| Task details |
Only the lines from the line with "Luvs Size 4" through the end of the records belong in your reply, copied exactly, with every picture left out.

---- Materials provided

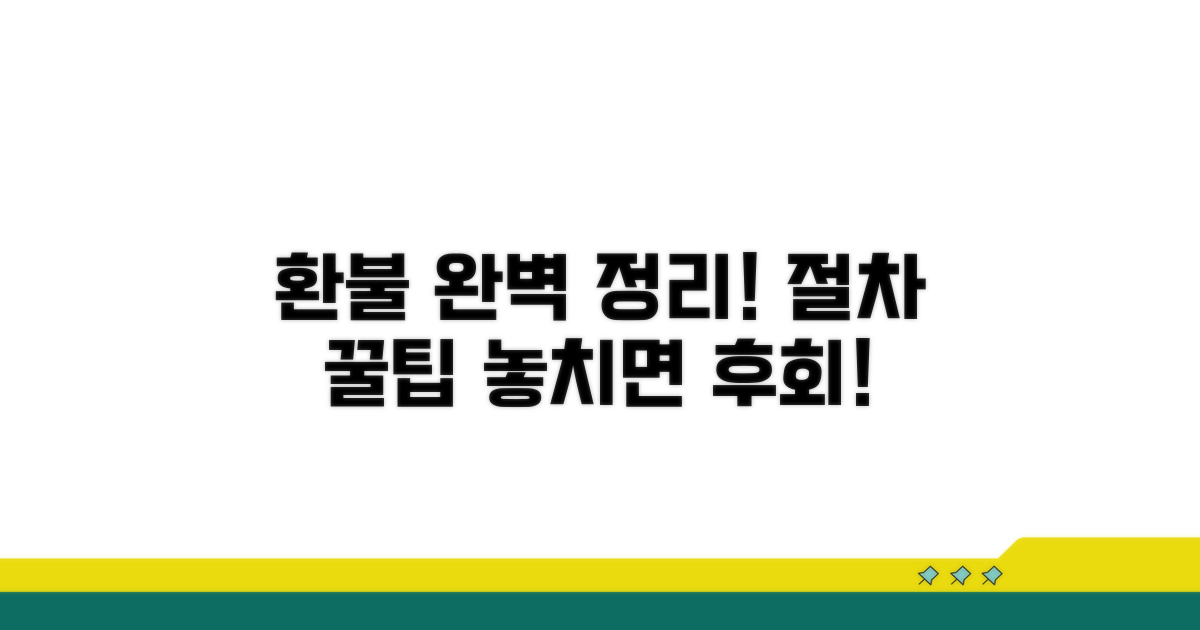 환불 절차 및 유의사항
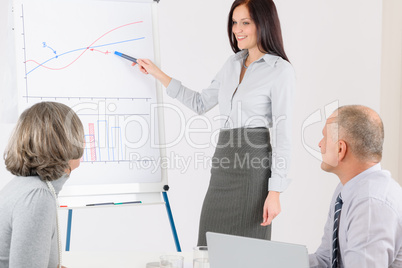 Giving presentation young woman during meeting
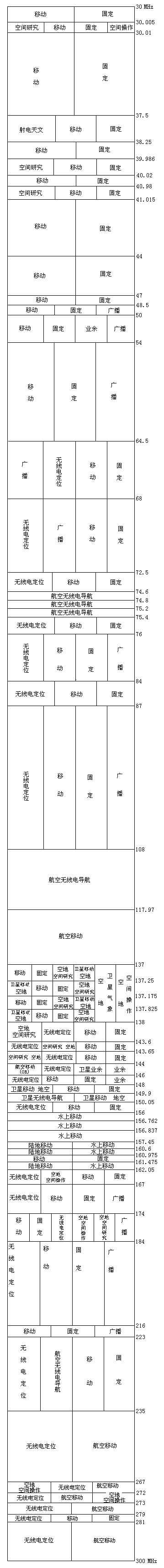 米波、甚高频（ＶＨＦ）３０ＭＨｚ－３００ＭＨｚ频率分配图谱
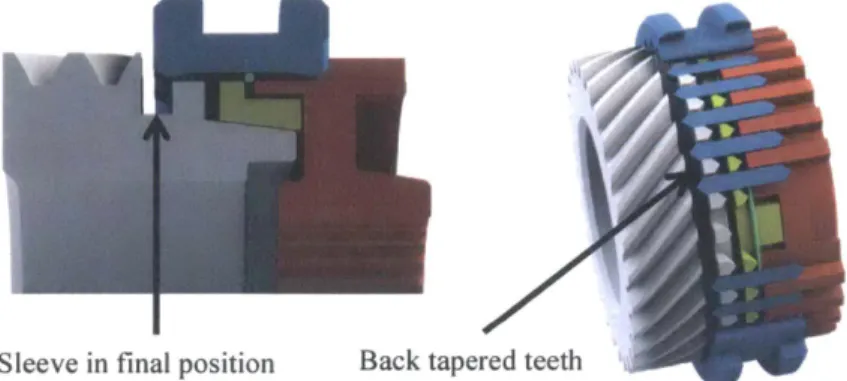 Figure 1-10: Synchronization phase 6-Gear position assurance and torque transfer 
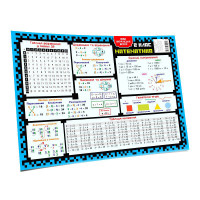 Килимок підказка навчальний А3 2 клас 129049 (129049)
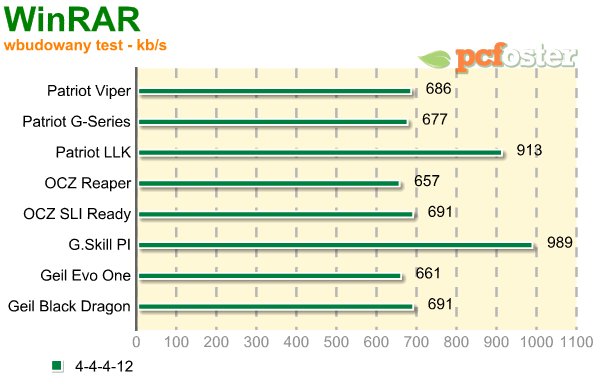 test ram ddr2 800mhz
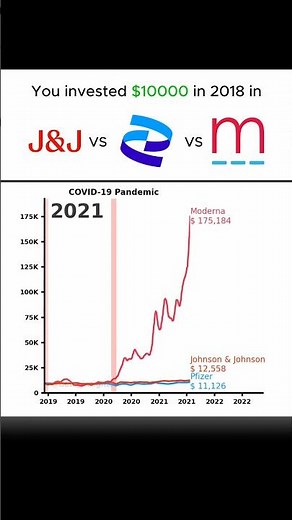 Pfizer vs Moderna vs J&J: Pharma Revenue Battle #stocks #linechartrace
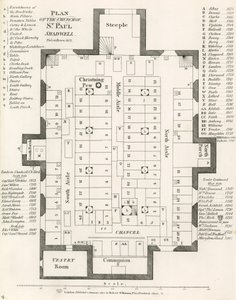 Plán kostela svatého Pavla v Shadwellu v Londýně z roku 1817 od English School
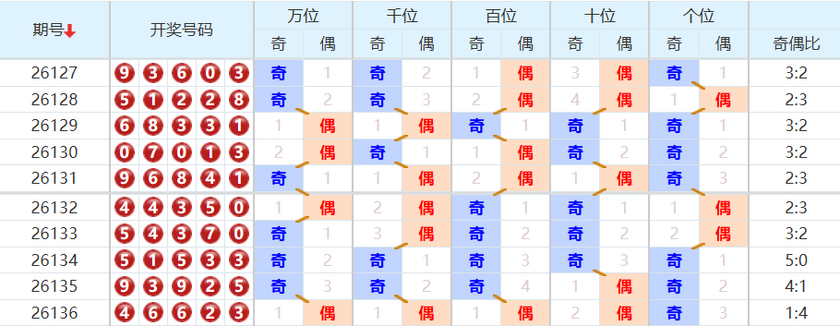 排列五分析走势图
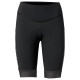Women's Kuro Tights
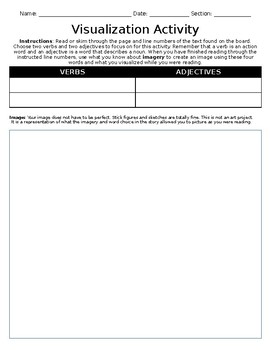 Preview of Descriptive Language and Imagery - Visualization Activity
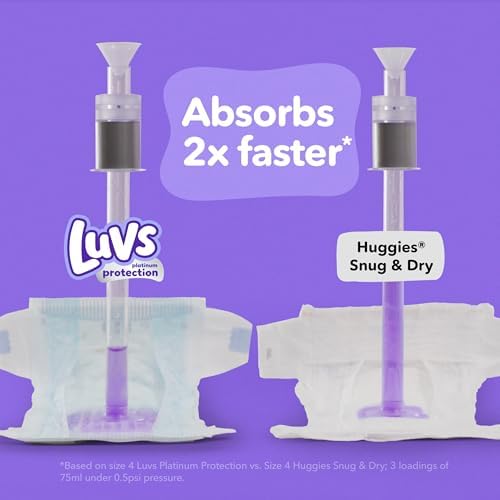 Luvs Size 4 Baby Diapers, Platinum Protection Bluey Diapers for Day & Night, Size 4, 198 Count (Packaging May Vary)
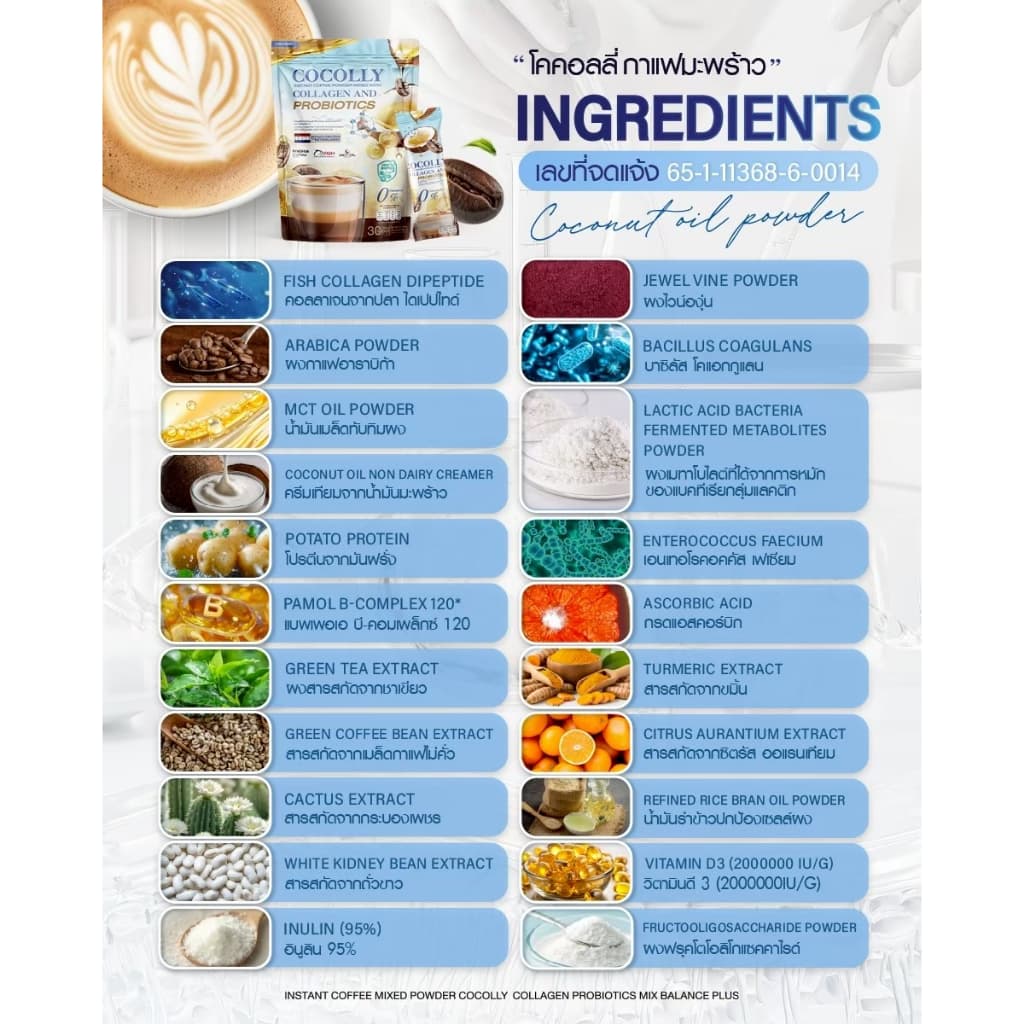 กาแฟนมโคคอลลี่ ช่วยลดความอยากอาหาร กระชับสัดส่วน ของแท้ส่งจากโรงงาน รูปที่ 7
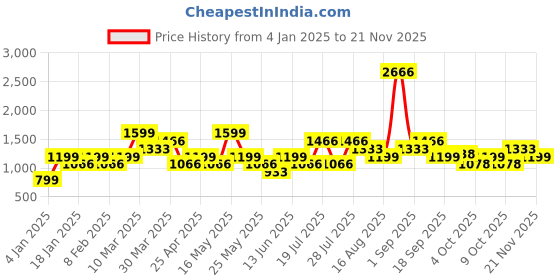 myntra.com LABEL AARNA Pastel Flow Soft Satin Short Kaftan label aarna Price History Graph from 4 Jan 2025 to 21 Nov 2025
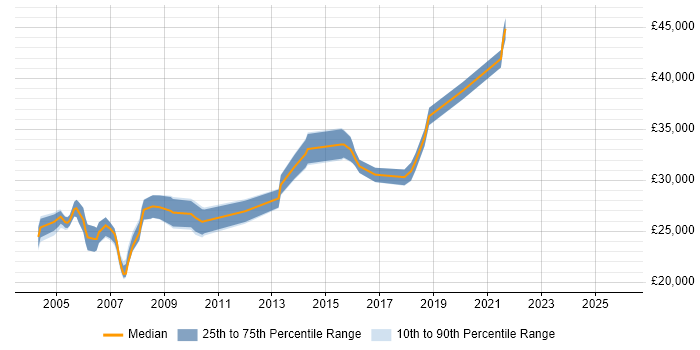 Salary distribution trend for Senior Desktop Support job vacancies in the Midlands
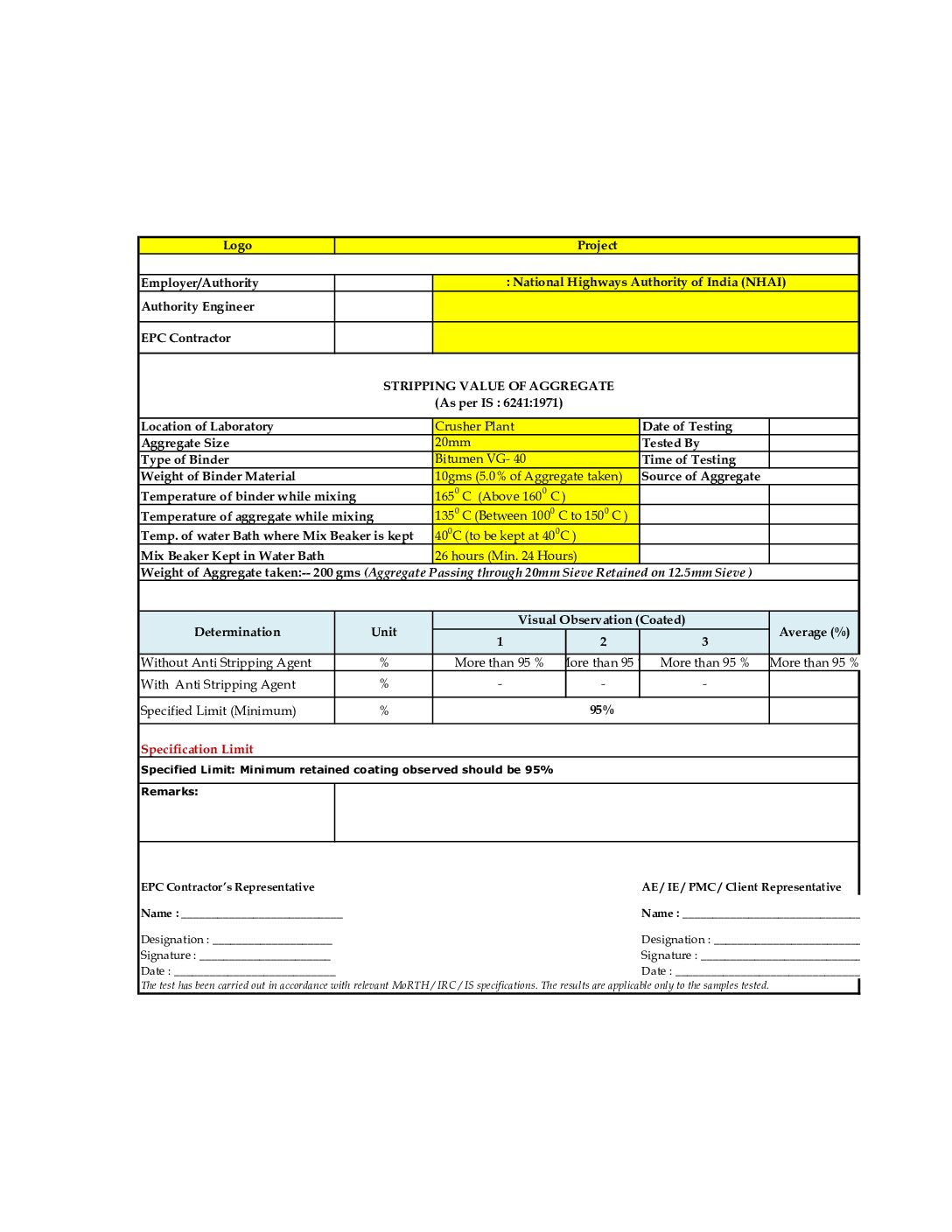 Stripping Value Test of Aggregate – Excel Auto Calculation Format | As per IS 6241 | Bituminous Mix QA/QC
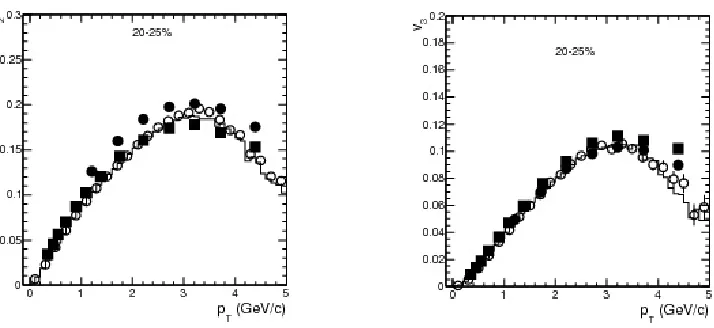 Figure 2.{EP} from CMS [18], open cirles and histogram arev33({EPp} and The same as Fig.2 but for the triangular ﬂowT)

--------

| Response |
 Luvs Size 4 Baby Diapers, Platinum Protection Bluey Diapers for Day & Night, Size 4, 198 Count (Packaging May Vary)
 กาแฟนมโคคอลลี่ ช่วยลดความอยากอาหาร กระชับสัดส่วน ของแท้ส่งจากโรงงาน รูปที่ 7
 myntra.com LABEL AARNA Pastel Flow Soft Satin Short Kaftan label aarna Price History Graph from 4 Jan 2025 to 21 Nov 2025
 Salary distribution trend for Senior Desktop Support job vacancies in the Midlands
 Stripping Value Test of Aggregate – Excel Auto Calculation Format | As per IS 6241 | Bituminous Mix QA/QC
 Figure 2.{EP} from CMS [18], open cirles and histogram arev33({EPp} and The same as Fig.2 but for the triangular ﬂowT)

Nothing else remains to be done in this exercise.